Joss kembali terkekeh, dia menatap langit dengan senyuman sedih yang belum pudar dari wajah tampannya, “Mendingan gua berantem dah.” Lirih Joss.
Luke menegakkan tubuhnya, “Jangan bilang lu terhalang restu?” Tanya Luke dengan suara yang penuh akan terkejutan.
“Kaga lah kalau terhalang restu juga, cerita gua cocok jadi drama indosiar asli.” Kekeh Joss.
Luke kembali melemaskan bahunya, “I'm all ear.”
“Gak terhalang apa-apa sih, cuma harus ngelepas bang Tawan kayaknya.” Jawab Joss.
“KONTEKS?” Teriak Luke.
Joss menutup telinganya, suara teriakan Luke benar-benar tidak ada tandingannya. Rasanya dia ingin mengusir temannya ini, berisik sekali.
“Ya gitu..”
“Gitu gimana anjing? Yang bener dong jangan jadi sad boy gini bro.”
“Dia keterima relawan di CDC Amerika Serikat. Mimpinya sejak lama, dia cerita kalau dia sempet bingung karena dia gak mau ninggalin gua katanya, tapi akhirnya dia udah mutusin kalau dia bakal tetep pergi. Dia minta maaf ke gua.”
Luke mengusap wajahnya dengan lelah, kisah temannya ini benar-benar dibumbui banyak rasa.
“Oke jadi lu putus?” Tanya Luke tanpa disaring.
“Sembarangan anjing, kaga lah.” Bantah Joss.
“Are you ok?”
“Gak tau anjing wkwk bingung gua.”
“Apa yang bikin lu bingung..”
“Gua belum rela kalau kisah gua harus sampe disini, dia bilang dia pergi gak cuma setahun, dia punya catatan impian yang dia udah bikin jauh sebelum dia kenal gua.”
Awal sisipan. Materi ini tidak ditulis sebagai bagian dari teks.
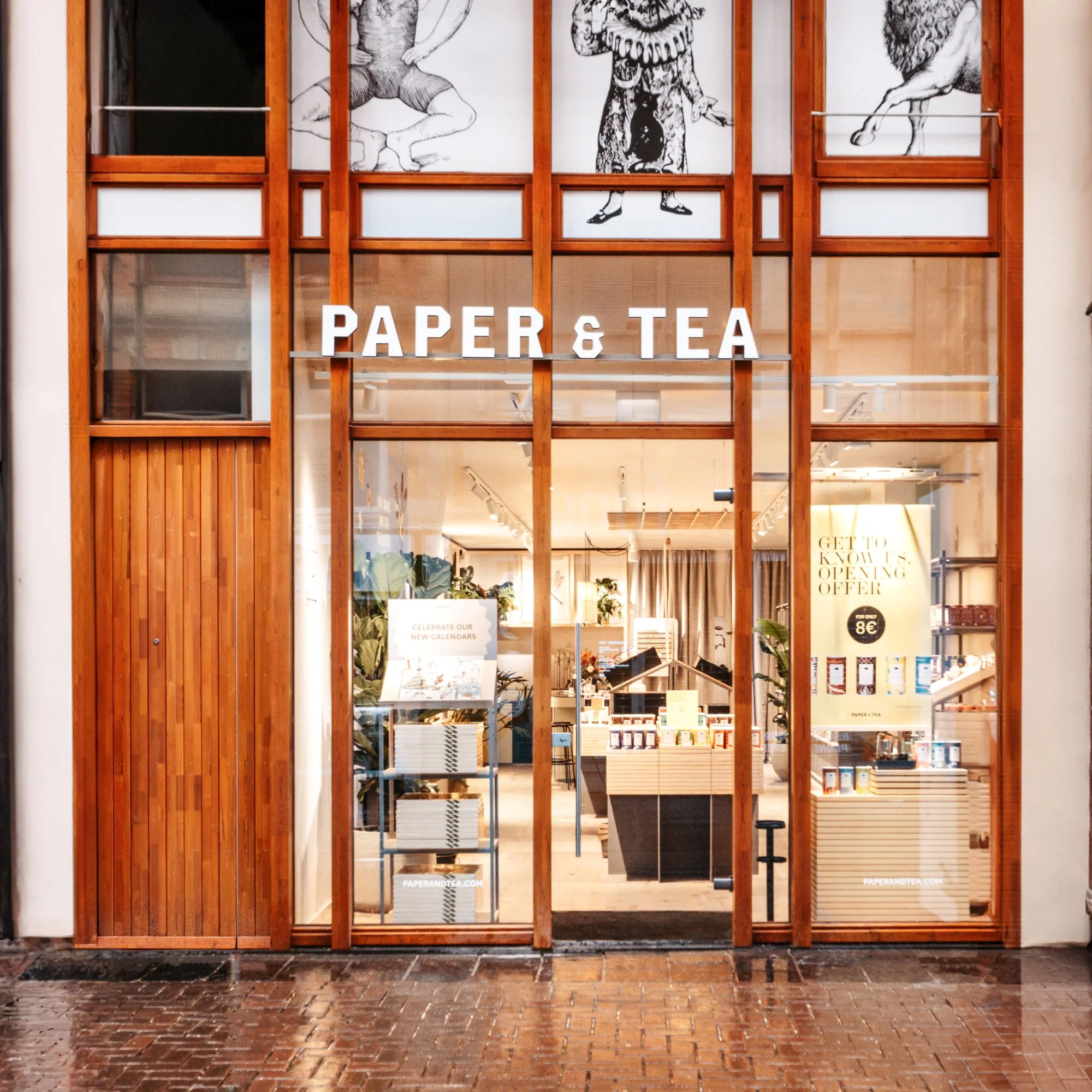Tea Tasting in Amsterdam Leidsestraat - Image 2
“Gua siapa sih anjing bisa nahan dia buat gak pergi, biar stay bareng gua. Gua mau egois juga kayaknya gak bisa.” Lanjut Joss, matanya menatap langit jakarta yang kosong, tidak ada bintang yang terlihat.
“Then let him free.”
“Sometimes, the best thing you can do for someone you love is let them go. Set them free and wish them happiness.” Ucap Luke dengan berbisik.
“I wish him happinessm, but it's fuckin hard you know.”
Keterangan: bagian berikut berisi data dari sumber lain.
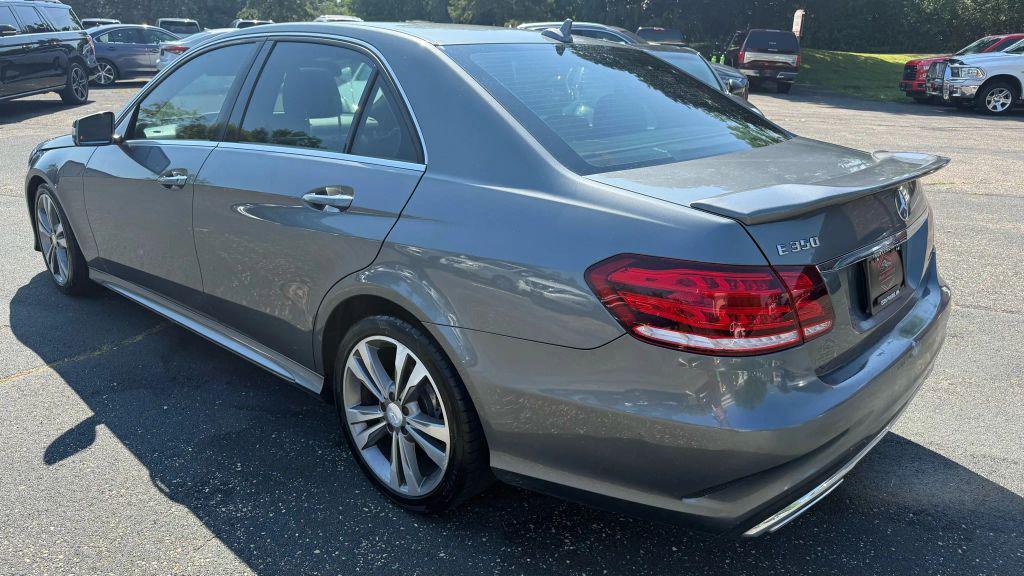 used 2016 Mercedes-Benz E-Class car, priced at $10,450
“It felt like I could lose him every time I closed my eyes, padahal dia perginya juga setelah wisuda.” Lanjut Joss.
“Emang bang Tay minta putus?”
“Engga dia cuma kasih tau kalau dia mau pergi nanti.”
“Yeh tolol lu juga overthinking aja bisanya, kalau dia gak minta putus ngapain lu susah-susah mikir mau ngelepasin dia.”
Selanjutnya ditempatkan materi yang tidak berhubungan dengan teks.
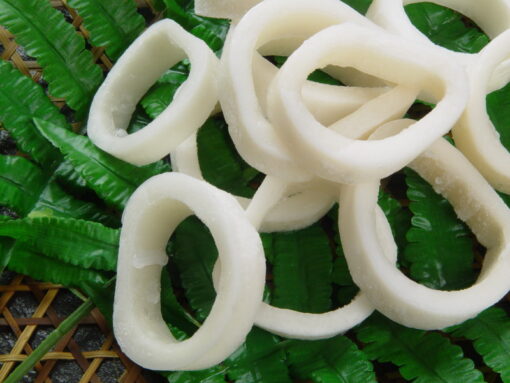 squid-rings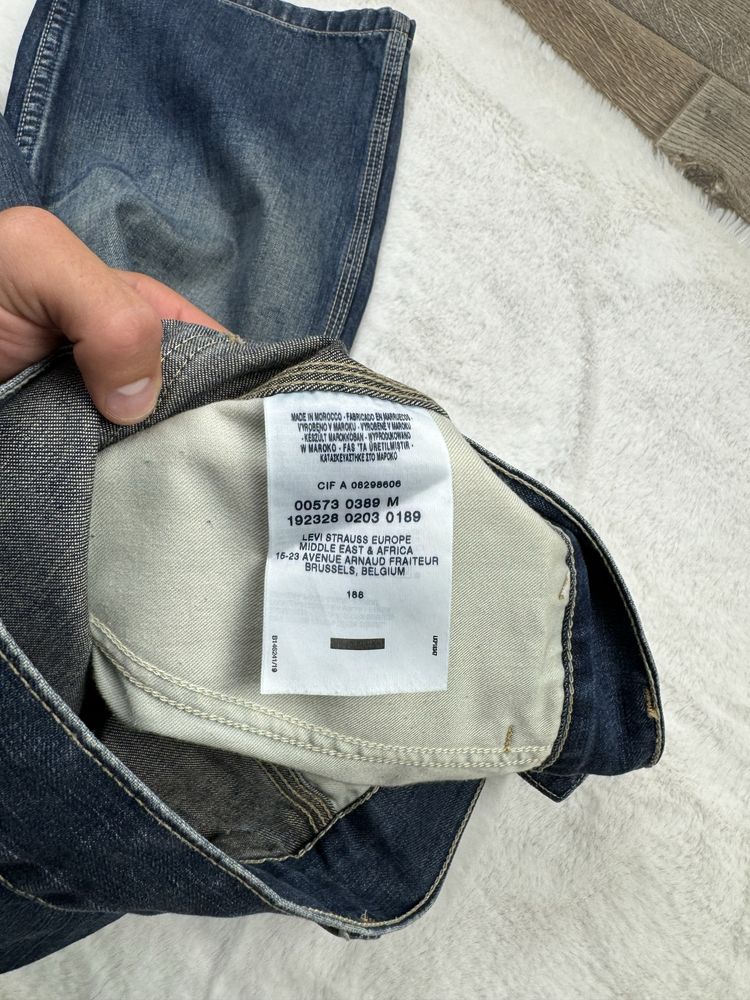 Джинсові Шорти Levis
“LDR gak gampang anjing, apalagi kalau dia bener-bener ke negara terpencil, kalau gak ada koneksi internet gimana?”
“Ini mah masalah bukan di bang Tay, masalahnya di lu. Lu harus ambil waktu buat mikir dah. Apa yang lu cari dari hubungan lu sama bang Tay, jangka panjang atau cuma hubungan sementara?”
“Jangka panjang lah.”
“Komitmen sama diri lu sendiri, lu bisa gak nunggu dia tanpa kabar yang pasti?”
“Bisa gak biarin dia fokus ngejar mimpinya?”
Joss merenungkan perkataan Luke, benarkah?
“Apa gua nikahin aja kali ya.”
Luke menonjok lengan Joss dengan sekuat tenaga, menyadarkan temannya dari ide gila yang entah dari mana munculnya.
“Gila ya lu?”
“Serius gua ini.”
“Terus lu mau biayain dia disana dari mana? uangnya dari mana? makan, tempat tinggal, tiket pesawat, uang bulanan bang Tay? Nikah gak sebercanda itu anjing. Kalo lu lupa lu masih semester 4.”
“Gua punya penghasilan yang gua tabung dari model, gua kayaknya juga bisa ambil job model lagi atau join agensi biar penghasilan gua tetap.”
Luke menghela nafasnya dengan lelah, temannya ini udah bucin, keras kepala juga. Luke bingung sendiri kenapa kalau ke Tawan Joss itu selalu mengalah dan menekan egonya.
“Kalo lu lupa bro, penghasilan jadi model lu aja bisa lu abisin 2 hari ya Joss lu jangan aneh-aneh.”
“Then I will accept my father's offer to be the successor of his company.”
“Sinting. Cowok lu susah-susah ngejar impiannya sampe harus jauh dari lu, eh lu malah dengan gampangnya lepasin mimpi lu. Kaga jadi lu sama dia kalau lu begitu.”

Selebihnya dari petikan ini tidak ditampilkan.